- [Exercise brief] Print every record exactly as it appears. Leave the pictures out.

- [Data listing]
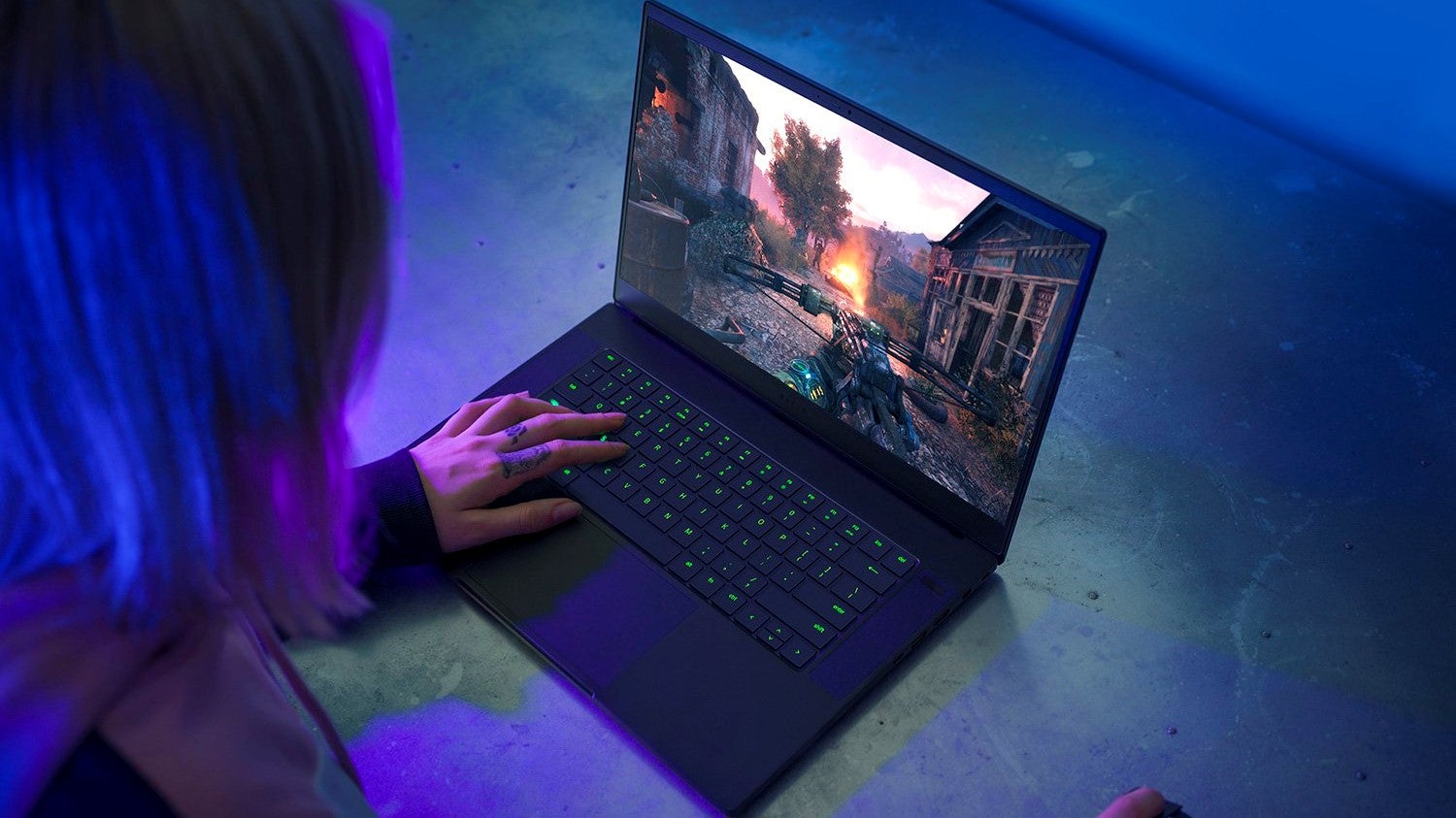 A woman plays Metro Exodus on a Razer Blade 15 Advanced gaming laptop.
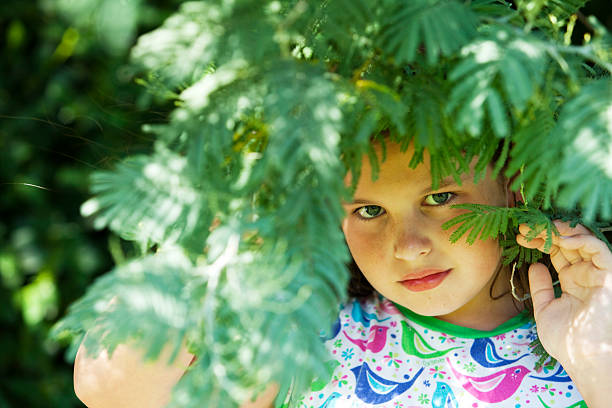 istock very nice child behind a plant 168727176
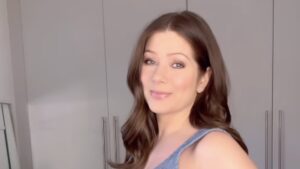 Nikki Sanderson shows off her growing baby bump in a cropped bra top as she reflects on her pregnancy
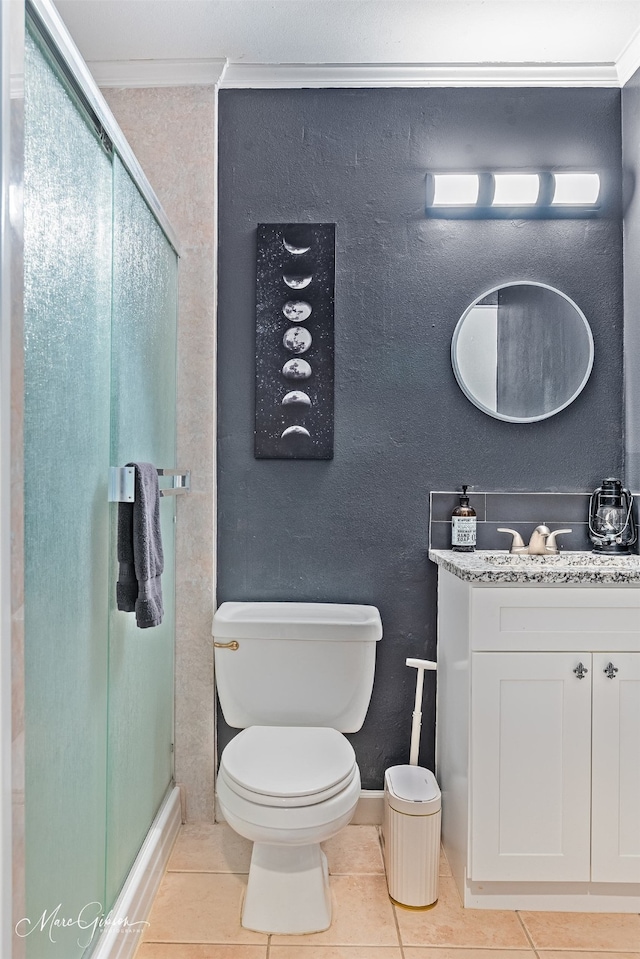 bathroom featuring vanity, a shower with door, ornamental molding, and tile patterned floors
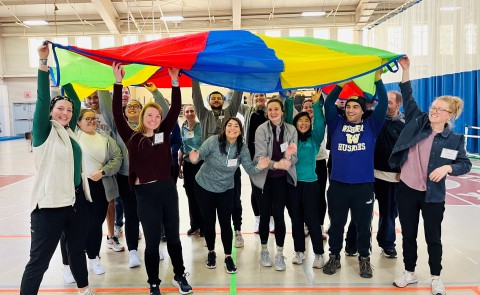 students holding up colorful parachute
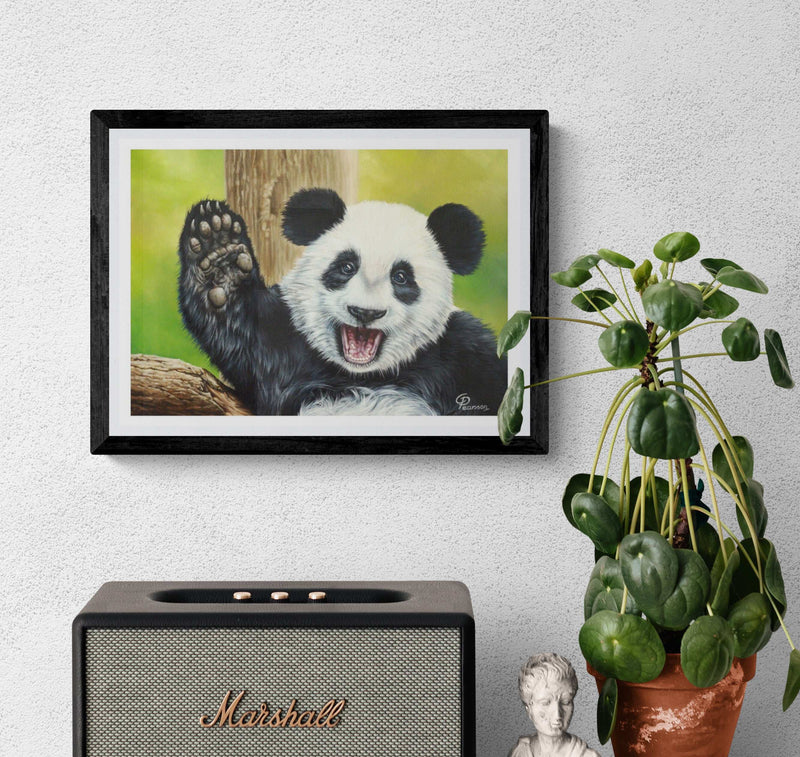 Framed picture of a panda waving, Marshall speaker, and potted plant on a white wall.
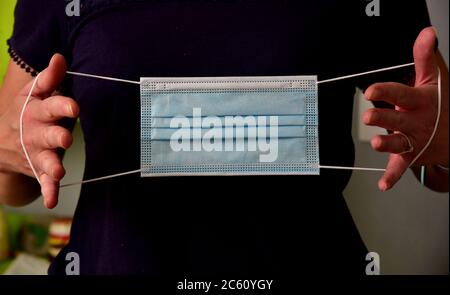 FRSM oder Fluid Surgical Mask wird von einem NHS-Mitarbeiter im Kampf gegen Covid-19 modelliert. Eine dreilagige Maske oder OP-Maske, die richtige Art zu tragen. Stockfoto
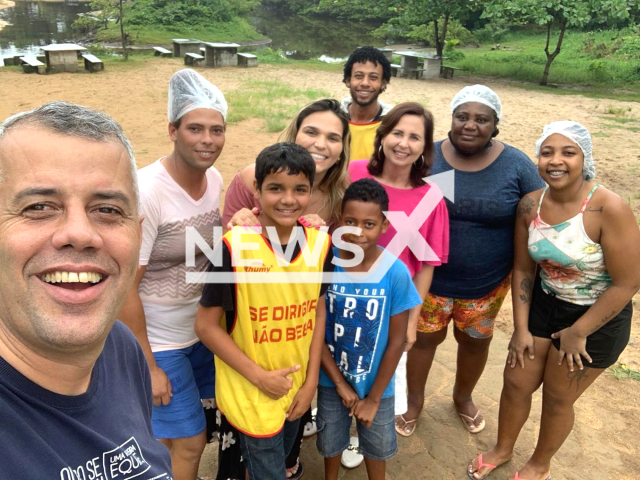 Jesus Cristian de Oliveira Rodrigues, 15, (third from the left) poses with unidentified people in undated photo. He drowned after saving a friend who was being carried away by the current, in Praia do Maroba, Brazil, on Sunday, May 28, 2023.
 Note: Private photo.  (@evair.vieirademelo/Newsflash)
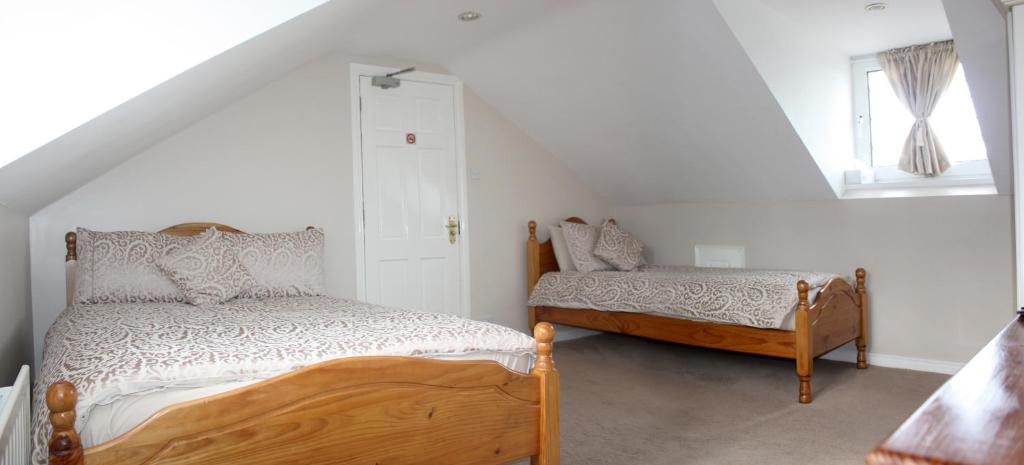 a bedroom with a bed and a bed and a window at Lismore House in Newry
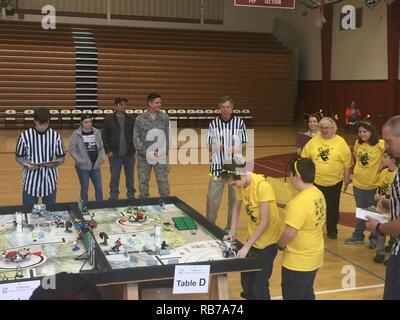 Sean O’Gorman and Jamison Norton (left to right at table), on the LegoTronics team from East Middle School, Tullahoma, prepare their team’s robot to complete a FIRST® LEGO® League (FLL) mission. Twenty-seven teams gathered at Tullahoma High School Dec. 17 to compete in the FLL Regional Qualifier Tournament. Stock Photo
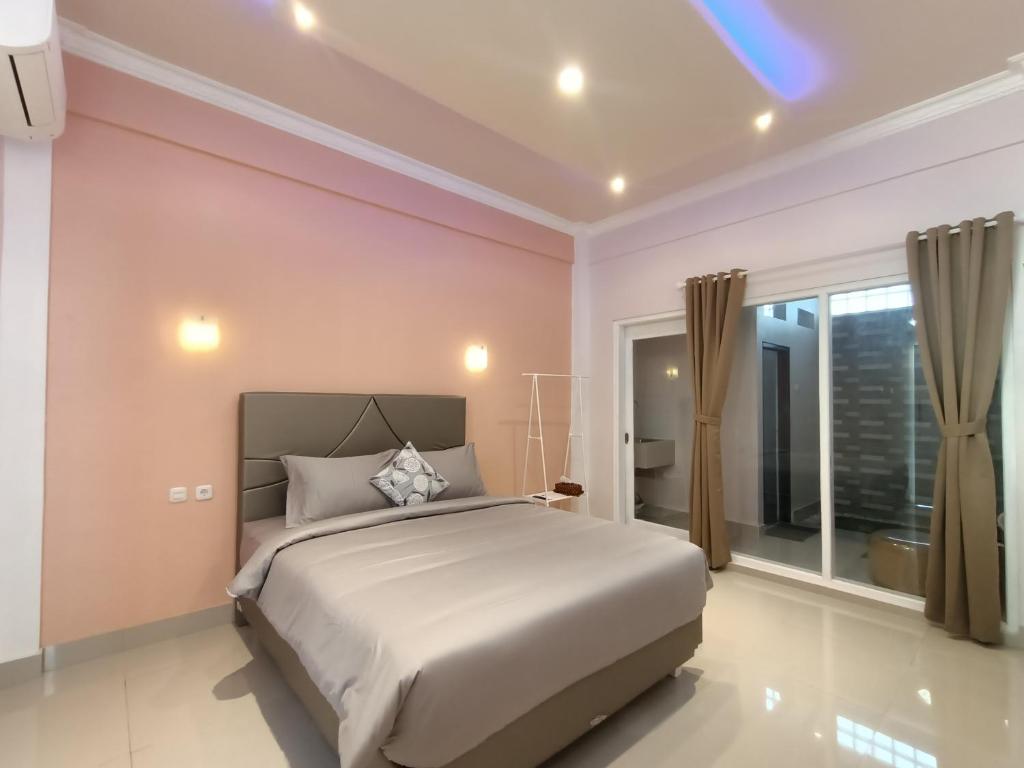 - une chambre avec un grand lit et une grande fenêtre dans l'établissement Bis homestay, à Sumbawa Besar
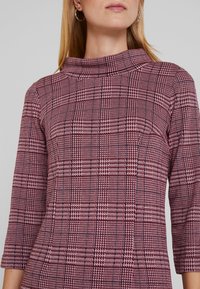 Maroon ja valge ruuduline kleit kõrge kaelusega ja kolmeveerandiga varrukatega. Omab tekstuurilist kangast, millel on peen houndstooth mustr.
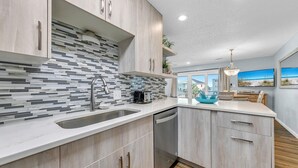 Una cocina moderna con una isla grande, salpicadero de azulejos y vista a la playa a través de amplias ventanas.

- [Response below]
 A woman plays Metro Exodus on a Razer Blade 15 Advanced gaming laptop.
 istock very nice child behind a plant 168727176
 Nikki Sanderson shows off her growing baby bump in a cropped bra top as she reflects on her pregnancy
 bathroom featuring vanity, a shower with door, ornamental molding, and tile patterned floors
 students holding up colorful parachute
 Framed picture of a panda waving, Marshall speaker, and potted plant on a white wall.
 FRSM oder Fluid Surgical Mask wird von einem NHS-Mitarbeiter im Kampf gegen Covid-19 modelliert. Eine dreilagige Maske oder OP-Maske, die richtige Art zu tragen. Stockfoto
 Jesus Cristian de Oliveira Rodrigues, 15, (third from the left) poses with unidentified people in undated photo. He drowned after saving a friend who was being carried away by the current, in Praia do Maroba, Brazil, on Sunday, May 28, 2023.
 Note: Private photo.  (@evair.vieirademelo/Newsflash)
 a bedroom with a bed and a bed and a window at Lismore House in Newry
 Sean O’Gorman and Jamison Norton (left to right at table), on the LegoTronics team from East Middle School, Tullahoma, prepare their team’s robot to complete a FIRST® LEGO® League (FLL) mission. Twenty-seven teams gathered at Tullahoma High School Dec. 17 to compete in the FLL Regional Qualifier Tournament. Stock Photo
 - une chambre avec un grand lit et une grande fenêtre dans l'établissement Bis homestay, à Sumbawa Besar
 Maroon ja valge ruuduline kleit kõrge kaelusega ja kolmeveerandiga varrukatega. Omab tekstuurilist kangast, millel on peen houndstooth mustr.
 Una cocina moderna con una isla grande, salpicadero de azulejos y vista a la playa a través de amplias ventanas.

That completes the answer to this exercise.